The “first wave” of liquefaction/LNG export projects in the U.S. is cresting. Two new liquefaction trains in Louisiana are already producing liquefied natural gas, and a dozen other trains are under construction and scheduled to begin commercial operation in the Lower 48 over the next three years. The problem is, these multibillion-dollar facilities––planned when LNG market dynamics were much more favorable––are “rolling in” as the global market faces a supply glut, weak LNG demand growth, and low prices.
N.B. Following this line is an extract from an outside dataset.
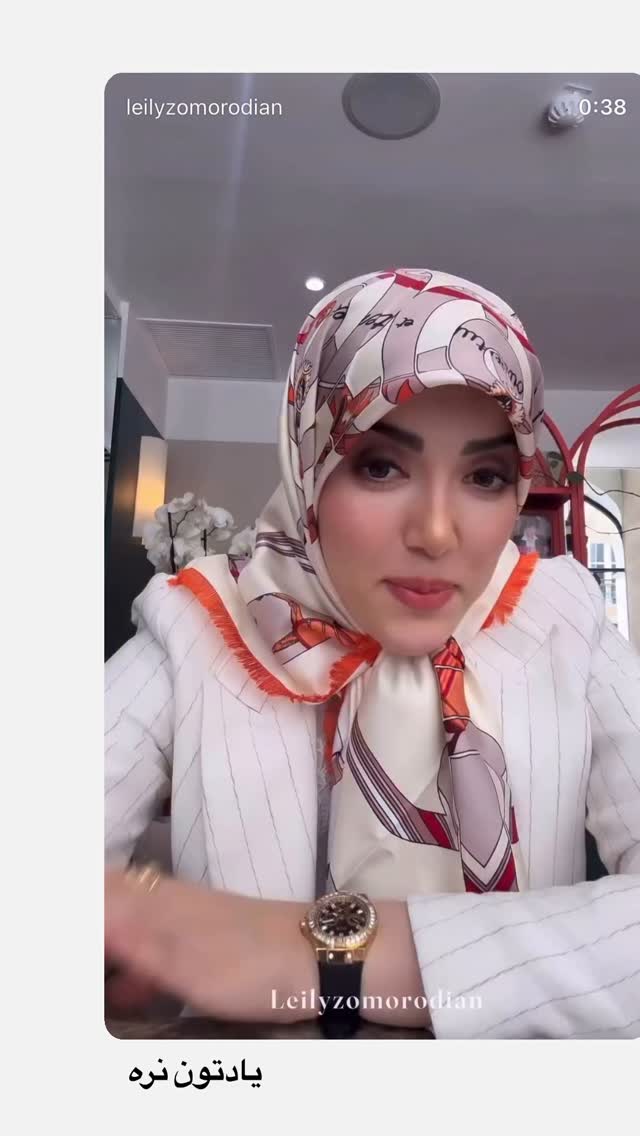  جدید ترین استوری اینستاگرام لیلی زمردیان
Today, we begin a series on the next round of U.S. LNG projects and how soon market conditions might improve enough to justify building them.
In the early 2000s––not that long ago, really––U.S. natural gas production was on the decline, and midstream companies were preparing for an onslaught of LNG imports from Qatar and other leading producers by building new LNG import terminals, many of them along the Gulf Coast. In 2005, the Energy Information Administration (EIA) estimated that by 2015 the U.S. would be importing the LNG equivalent of nearly 12 Bcf/d, and that by 2025 the nation would be importing LNG volumes equal to nearly 18 Bcf/d.
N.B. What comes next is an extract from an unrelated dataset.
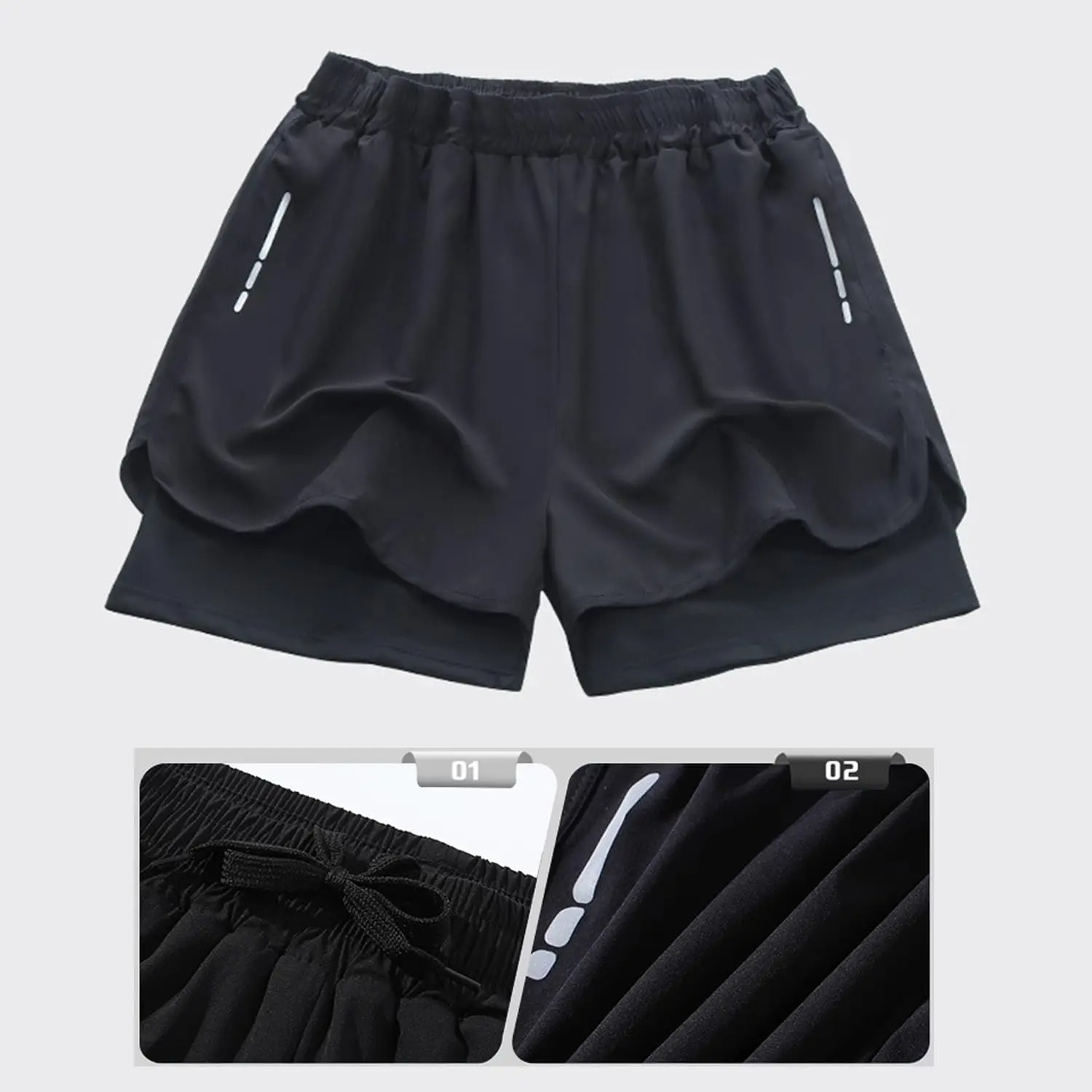 Calções de banho masculinos de - Compression Shorts Athletes avaliação e preço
It had become clear by 2010-11, however, that the Shale Revolution had eliminated the need for LNG exports, and many of the companies that had developed U.S. LNG import terminals started exploring the possibility of building liquefaction plants at those sites and exporting LNG through them. These import terminals offered two important benefits for conversion to exports. First, they had port facilities in place, as well as deepwater access. And second, because the intent of the import terminals was to receive LNG, regasify it and feed it into U.S. gas pipeline networks, they had pipeline connections to gas mainlines. The existence of this useful infrastructure allowed developers like Cheniere Energy and Cameron LNG to develop liquefaction/LNG export facilities at a lower incremental cost than “greenfield” projects, thereby giving them an economic edge over many of their overseas competitors.
Perhaps the biggest thing working in U.S. developers’ favor, though, was their willingness to base the final cost of the LNG they loaded onto ships on the cost of natural gas, plus a small mark-up and a flat liquefaction fee (typically between $2.25/MMBtu and $3.50/MMBtu). That gave them another, even more significant economic edge, because most of the LNG produced elsewhere in the world was price-indexed to crude oil. In 2011 the average spot price for Brent crude was $111/bbl, and LNG sold under long-term agreements typically sold for about 15% of Brent, or more than $16/MMBtu. Now, Brent crude is selling for about $50/bbl, LNG sold under long-term contracts is selling for less than $8/MMBtu, and spot market LNG costs only $6/MMBtu, undercutting the price advantage that U.S. developers had expected from linking their LNG price to the cost of gas.
Fourteen liquefaction trains with a combined capacity of about 63 million tonnes per annum (MTPA) of LNG (enough to consume ~9 Bcf/d of gas if all the trains were running almost all the time) comprise the “first wave” of U.S. liquefaction/LNG export projects (see Figure 1).